[[ EXTRACTED MATERIAL, beginning ]]

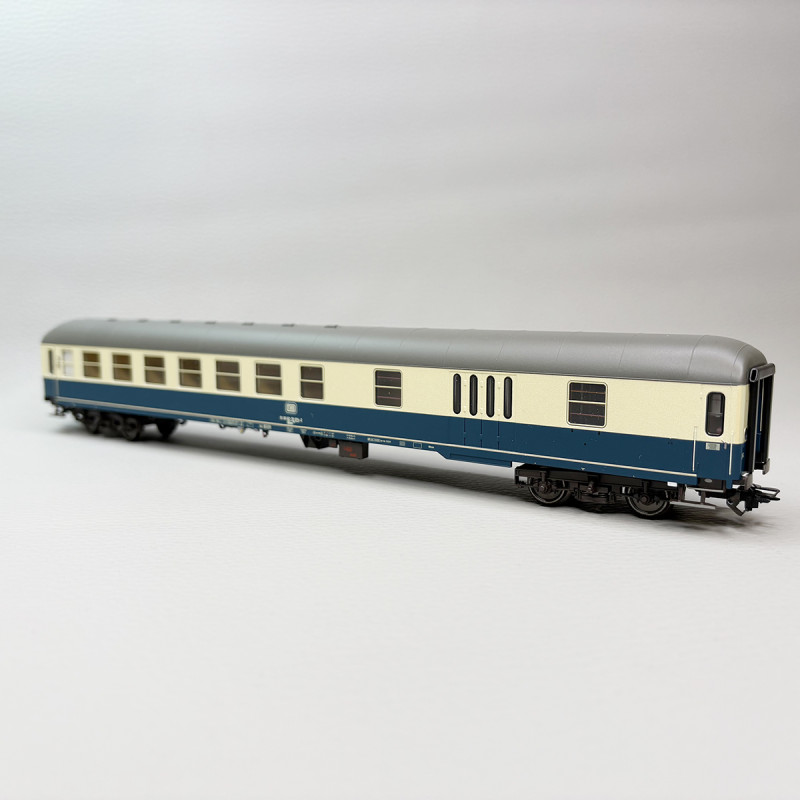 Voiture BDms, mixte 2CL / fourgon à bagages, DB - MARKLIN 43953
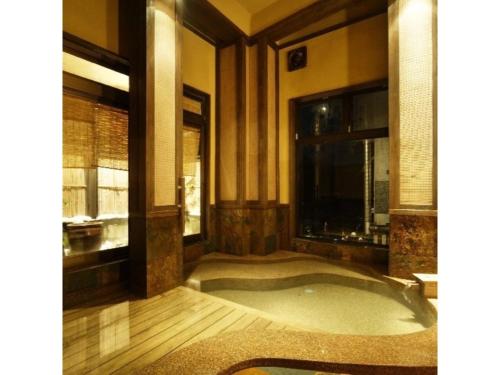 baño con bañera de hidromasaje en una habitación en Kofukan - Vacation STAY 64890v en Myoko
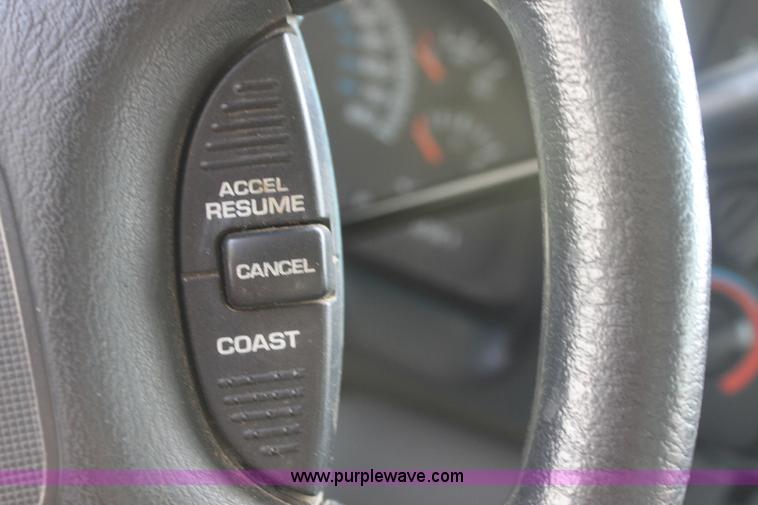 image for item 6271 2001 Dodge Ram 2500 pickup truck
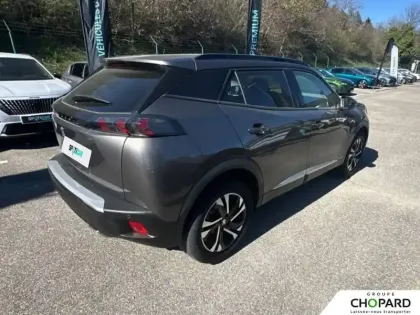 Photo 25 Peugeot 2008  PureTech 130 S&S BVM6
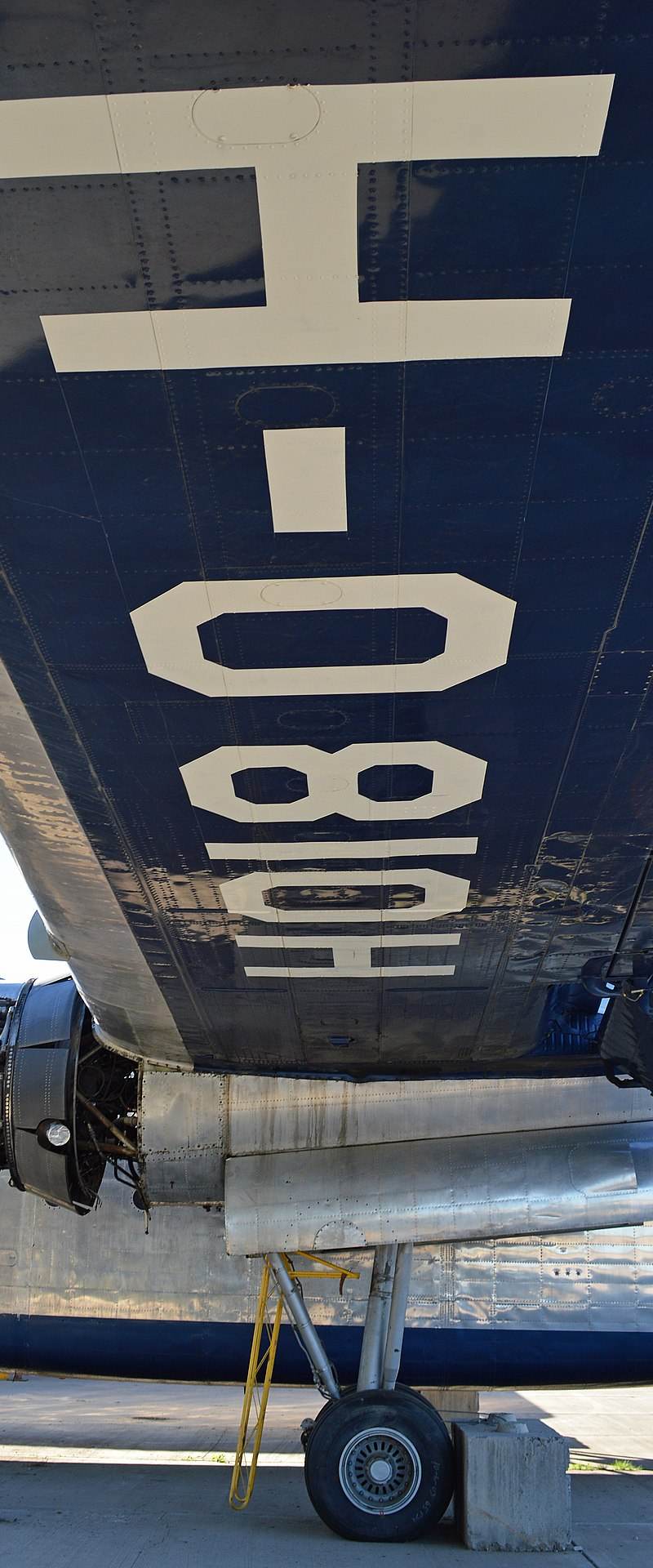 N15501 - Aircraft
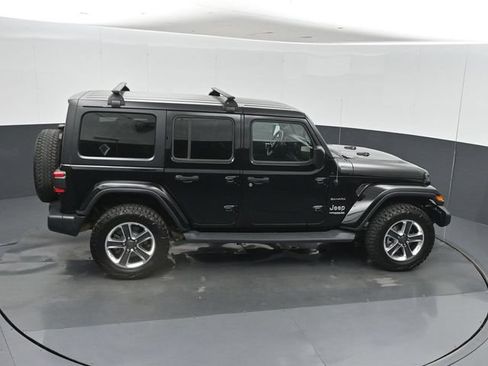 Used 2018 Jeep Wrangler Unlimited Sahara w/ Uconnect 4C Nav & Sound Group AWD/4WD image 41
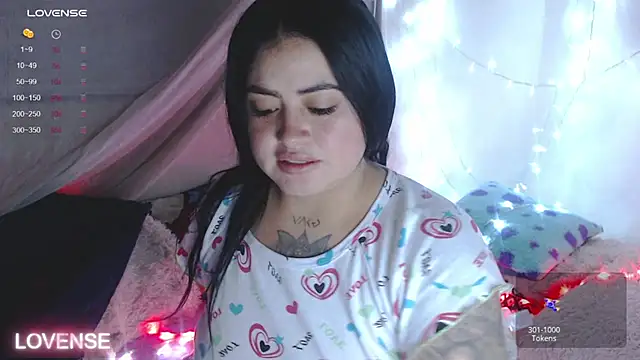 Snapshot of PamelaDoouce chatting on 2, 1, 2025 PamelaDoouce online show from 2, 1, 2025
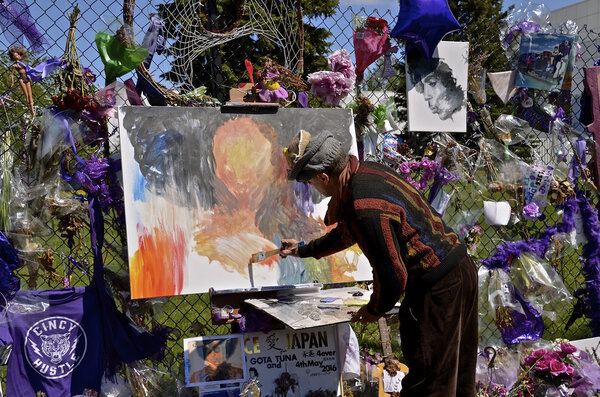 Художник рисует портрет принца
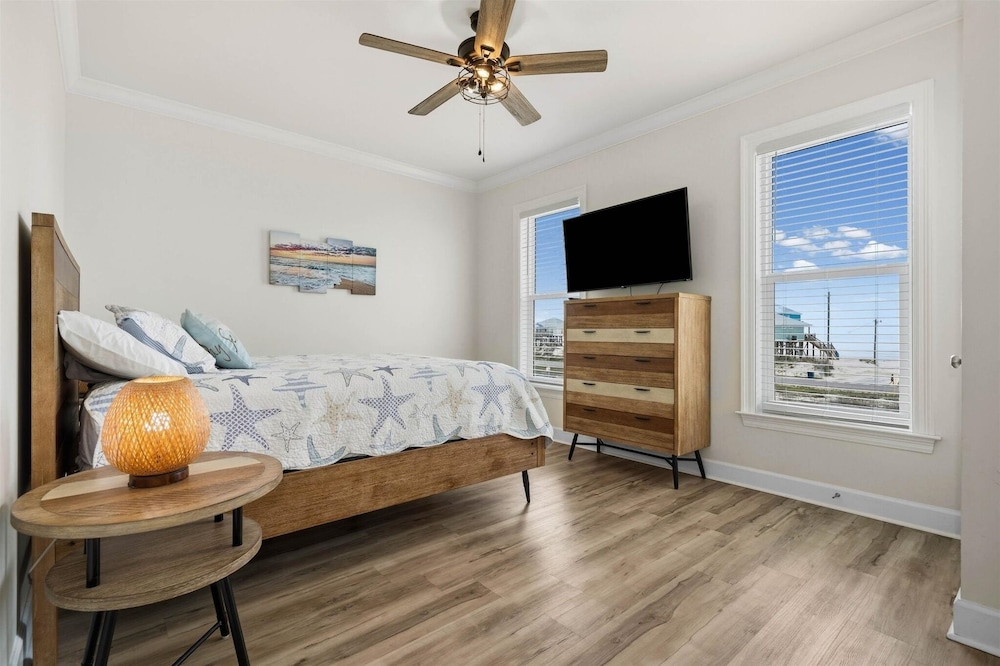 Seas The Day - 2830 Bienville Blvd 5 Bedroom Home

[[ EXTRACTED MATERIAL, end ]]

## WHAT NEEDS TO BE DONE
The answer should match the material exactly, with every picture removed.

## RESPONSE TO THIS EXERCISE
 Voiture BDms, mixte 2CL / fourgon à bagages, DB - MARKLIN 43953
 baño con bañera de hidromasaje en una habitación en Kofukan - Vacation STAY 64890v en Myoko
 image for item 6271 2001 Dodge Ram 2500 pickup truck
 Photo 25 Peugeot 2008  PureTech 130 S&S BVM6
 N15501 - Aircraft
 Used 2018 Jeep Wrangler Unlimited Sahara w/ Uconnect 4C Nav & Sound Group AWD/4WD image 41
 Snapshot of PamelaDoouce chatting on 2, 1, 2025 PamelaDoouce online show from 2, 1, 2025
 Художник рисует портрет принца
 Seas The Day - 2830 Bienville Blvd 5 Bedroom Home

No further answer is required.